Nothing but the lines below from the one containing "三脚機能付 L-MGSST (2657707)" through the one containing "第21讲 求索真理的历程测试题" should appear in the answer, exact and without pictures.
::: INPUT :::
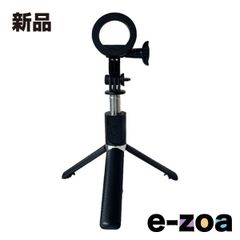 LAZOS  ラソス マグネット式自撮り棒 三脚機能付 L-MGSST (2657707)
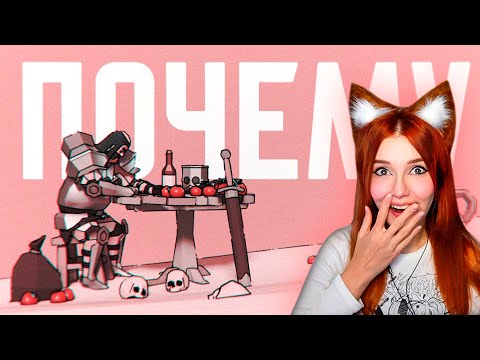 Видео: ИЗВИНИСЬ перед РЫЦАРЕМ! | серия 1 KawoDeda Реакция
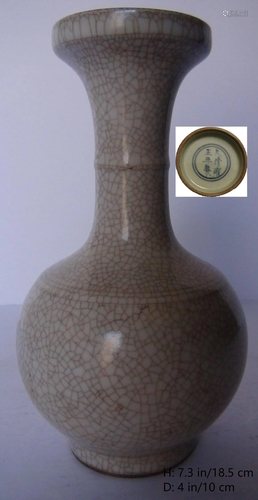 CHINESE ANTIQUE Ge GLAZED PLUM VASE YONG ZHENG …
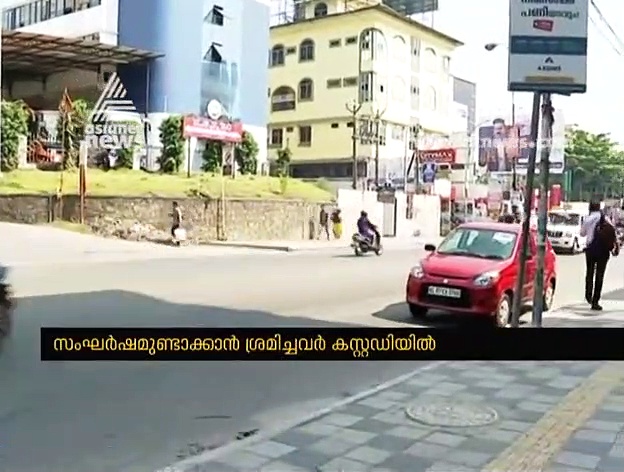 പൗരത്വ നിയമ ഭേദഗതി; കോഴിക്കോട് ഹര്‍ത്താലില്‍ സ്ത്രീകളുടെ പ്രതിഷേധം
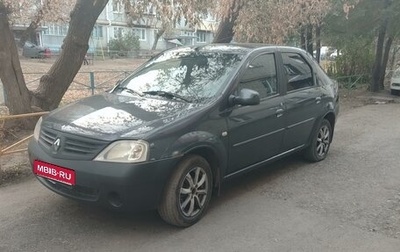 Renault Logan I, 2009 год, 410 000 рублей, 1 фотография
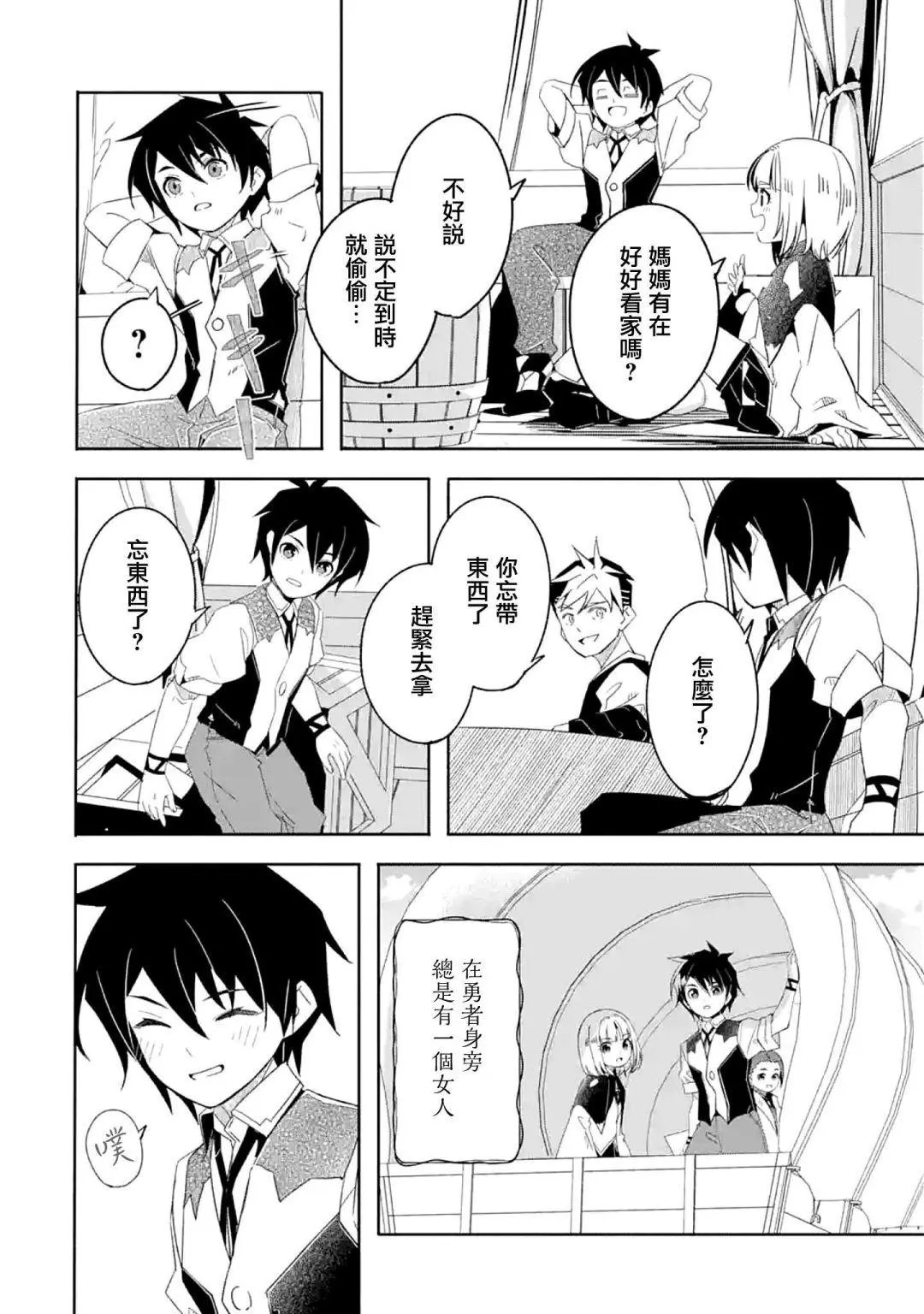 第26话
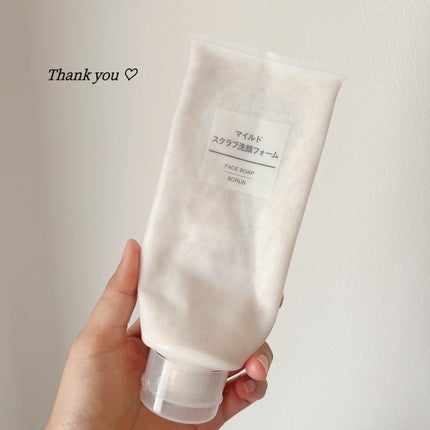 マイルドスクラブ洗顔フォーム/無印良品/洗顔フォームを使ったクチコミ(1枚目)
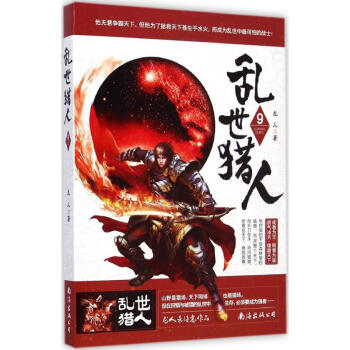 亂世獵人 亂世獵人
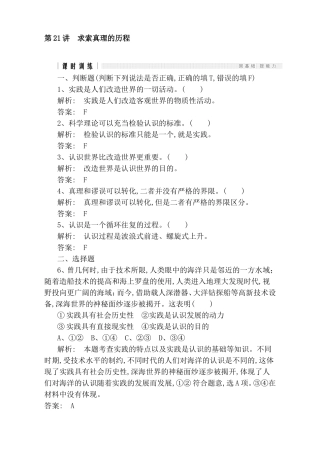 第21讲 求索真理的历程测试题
:::
::: INPUT :::
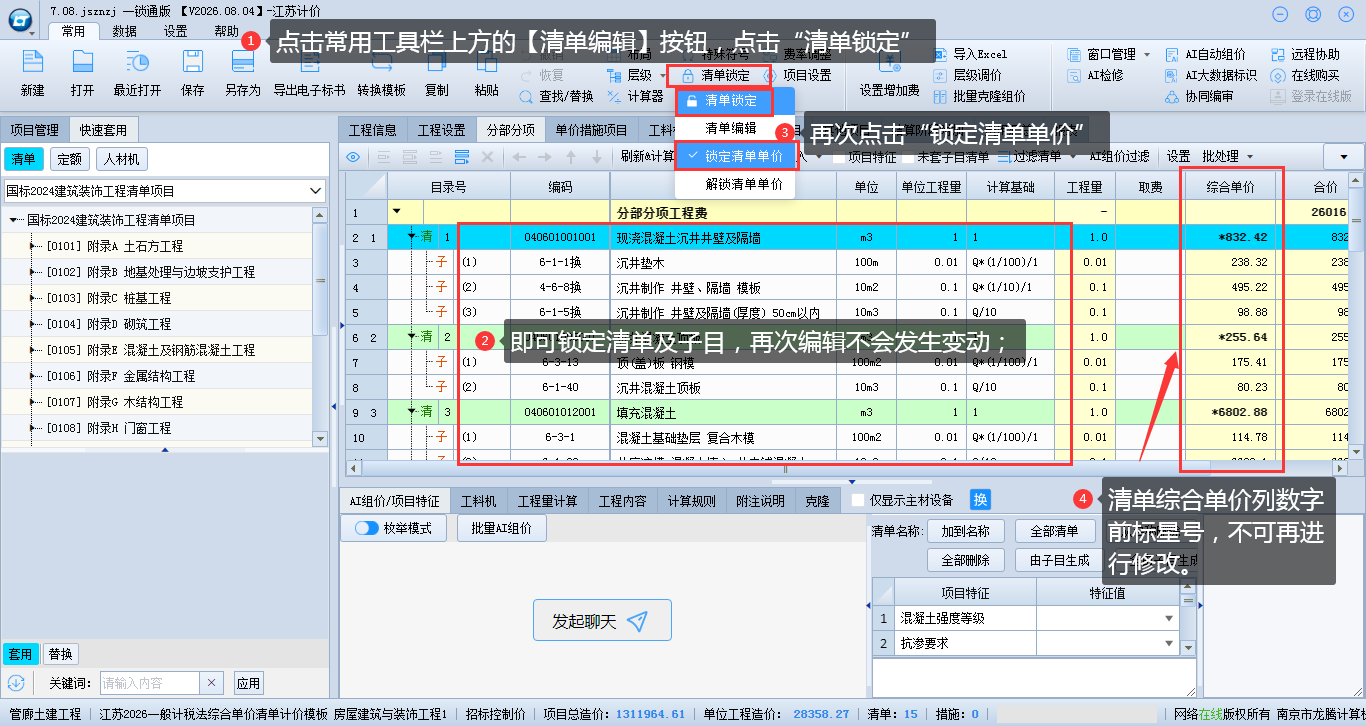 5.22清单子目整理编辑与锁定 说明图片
:::
▶ _ANSWER AREA_:
 LAZOS  ラソス マグネット式自撮り棒 三脚機能付 L-MGSST (2657707)
 Видео: ИЗВИНИСЬ перед РЫЦАРЕМ! | серия 1 KawoDeda Реакция
 CHINESE ANTIQUE Ge GLAZED PLUM VASE YONG ZHENG …
 പൗരത്വ നിയമ ഭേദഗതി; കോഴിക്കോട് ഹര്‍ത്താലില്‍ സ്ത്രീകളുടെ പ്രതിഷേധം
 Renault Logan I, 2009 год, 410 000 рублей, 1 фотография
 第26话
 マイルドスクラブ洗顔フォーム/無印良品/洗顔フォームを使ったクチコミ(1枚目)
 亂世獵人 亂世獵人
 第21讲 求索真理的历程测试题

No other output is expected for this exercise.